Children’s daily routines disappear as you have to get from venue to venue  (we drove over 5000 miles on the tour of The Forest and travelled through every county in England except for Cornwall) and meal times move about and are often on the road. It can be refreshing though to not feel dragged down by everyday housework – no meals to cook, no dishes to clean, no daily laundry cycles (just a big fat pile when you get home).  Most of the time we’re away for about 4-5 days (I think the longest was 10 days), so even though it was hard to be away from my partner and home, we were there enough to not feel like it had been too long.

My mum’s pretty much the most active grandmother ever so it means the boys have been to every library, museum, soft play area and playground in the places we have toured to (which as I’m sure you’ve gathered is a lot of places). So life is never dull on tour. Crazy yes, but not dull.

Grannies on tour

After 3 months on the road with The Forest, we were done – and life returned to ‘normal’. And that feels weird too.  Being on tour doing something you love is such an intense and all encompassing feeling that when you go back to your everyday life it’s such an anti-climax, and like something is missing. It’s odd.

Now that neither Lucy nor I are breastfeeding a baby we have a lot more choice. But choice can sometimes makes things a little more complex.  Do we bring the children with us or leave them at home? Bringing the kids on the road when they were so little was such a no brainer, a hugely challenging task, but something I didn’t question. Now that I can choose whether they come or not I feel pretty stuck. We took The Forest to the Edinburgh Fringe Festival this summer for 4 days without the children and it was such a freeing experience for me.  I would perform in the mornings and then spend the day seeing shows and the evenings networking and I didn’t worry about dinner being too late, or where I would be meeting my mum (who doesn’t own a mobile phone, which is a tale for another day).

Riley at the theatre

In the Autumn just gone we did a 6 venue tour of our latest show HOME which was much shorter than our previous tours. I booked family rooms for everywhere we toured but then let my mum decide if she wanted to look after the children at home or come on the road.  In the end they joined us for 3 of the 6 venues.   As lovely as it is to see them after work everyday, it can be a nightmare to work out where to go for dinner, and then, you know…. bedtime….. and you also end up doing less networking which can often lead to further work opportunities. But when you leave them at home, even a few days can feel like a long time, particularly when you keep going away for a few days, week after week.  And that’s rubbish too.  And that’s just it – there’s no right or wrong – I’m supposed to choose what’s ‘best’ for everyone. And it’s rarely the same thing, particularly when you’ve got more than one child – what’s right for one often isn’t for the other.  People talk a lot about ‘mother’s instinct’, and I’m just not sure I ever got it.

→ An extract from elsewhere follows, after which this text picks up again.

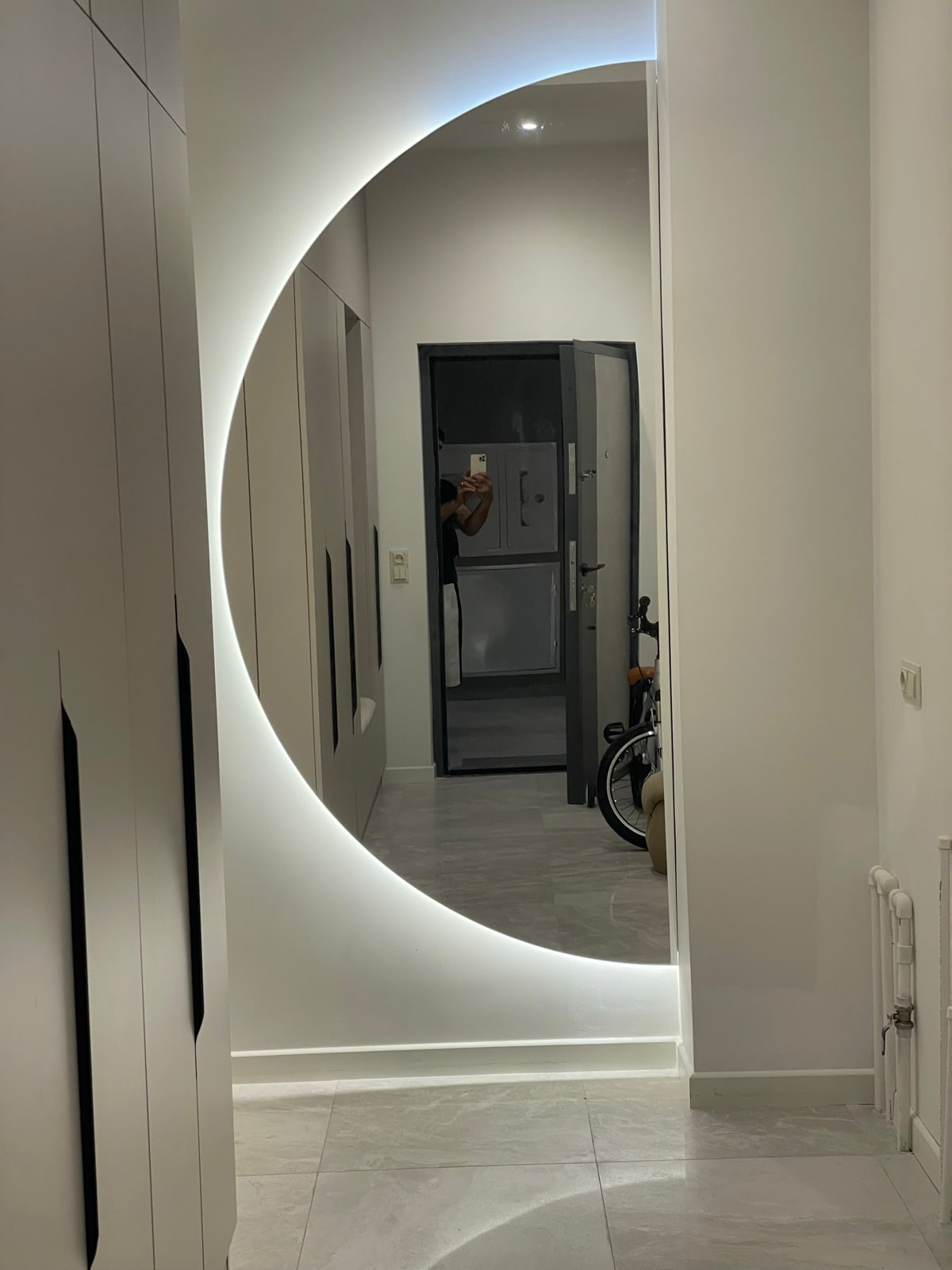 Հայելի,Ապակի,լոգախցիկ,mirror,զերկալո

My instinct changes its mind a lot, making it not very instinctual. I question whether I would feel the need to even bring the children on tour at all if I was a man. But I guess I’ll never know the answer to that.

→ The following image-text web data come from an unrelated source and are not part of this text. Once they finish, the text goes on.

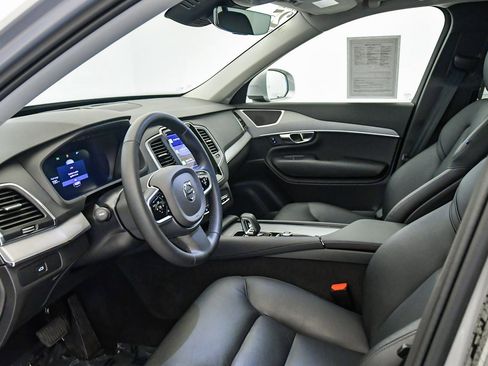 Certified 2025 Volvo XC90 B5 Core image 19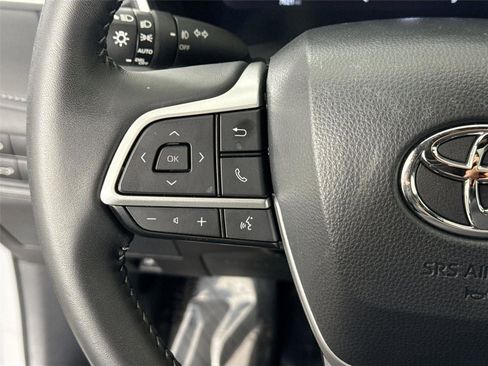 Certified 2025 Toyota Highlander XSE image 18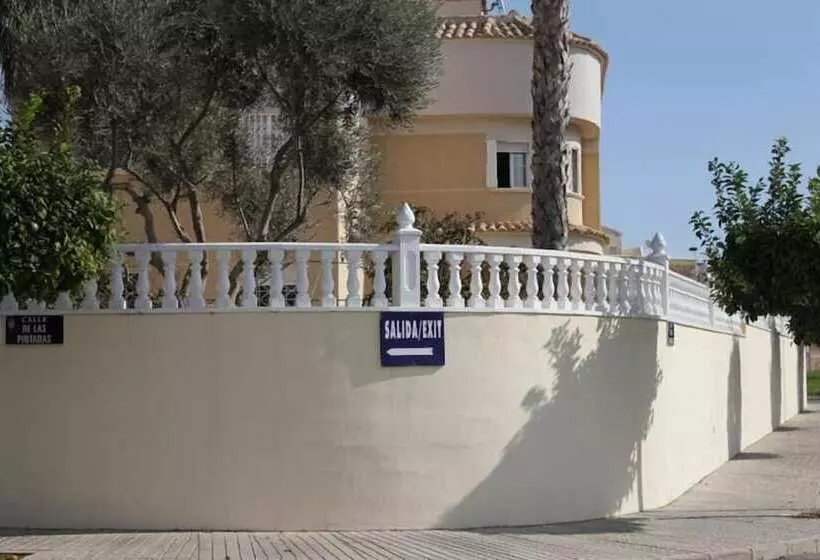 تختخواب و صبحانه Casa Frente Al Lago Rosa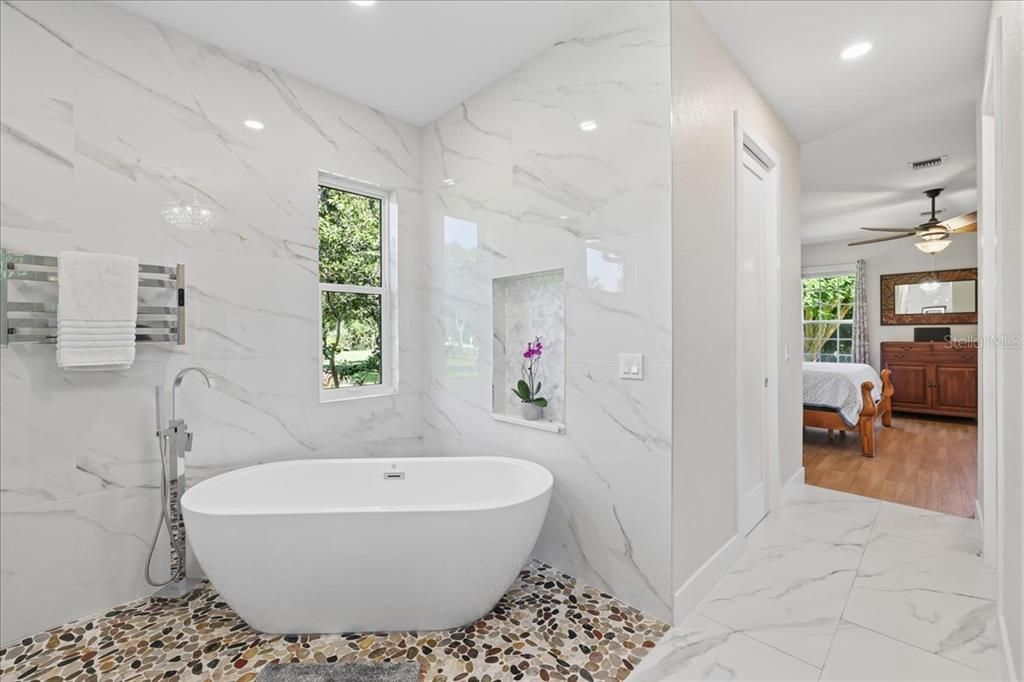 En Venta: $899,999 (4 camas, 3 baños, 2848 Pies cuadrados)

Our next tour of HOME starts later this month.  We’re going to over 40 venues in the UK- that’s 40 different towns and cities between January- May 2017. I have no idea what to do. I’ve asked nursery (they both go to nursery 2 days a week) to see if they can have a few months off.  So far that request has been met with a rather awkward silence… And is it better for them to be on the road with me and my mum? Or at home with my partner and my mum? Or a bit of both? Still trying to figure that out. And what about when my eldest starts school next year in September?  What then? I’m not sure, but I know that we’ll work it out. What’s been great with Frozen Light is that when all of the artists on tour are parents, we all know what each other are going through- whether the children are with you or not, and that creates an incredible support network.

Harlow Playhouse

So why do it? Why endure this madness? Why not get a proper job (other than the fact that I’ve worked for myself for so long that I’m not sure anyone else would have me!)  Well when you’ve spent 6 years working as a freelance artist and barely managed to scrape a living together, it feels pretty amazing to finally feel like you’re working on something that is really working. It’s working for us, it’s working for our audiences, it’s working for the arts industry, it’s working for our funders and it’s working for other artists that we’ve been able to employ.  It also feels pretty good to not be light years away from perhaps earning the average UK salary one day (maybe).  It’s also absolutely incredible being to earn a living and support my family whilst doing work that I love and believe in so whole-heartedly.  Being able to work in a field where I believe in the ethos of everything we do is pretty magical.  Knowing that this is possible in a workplace is something that I’d love to pass onto my children.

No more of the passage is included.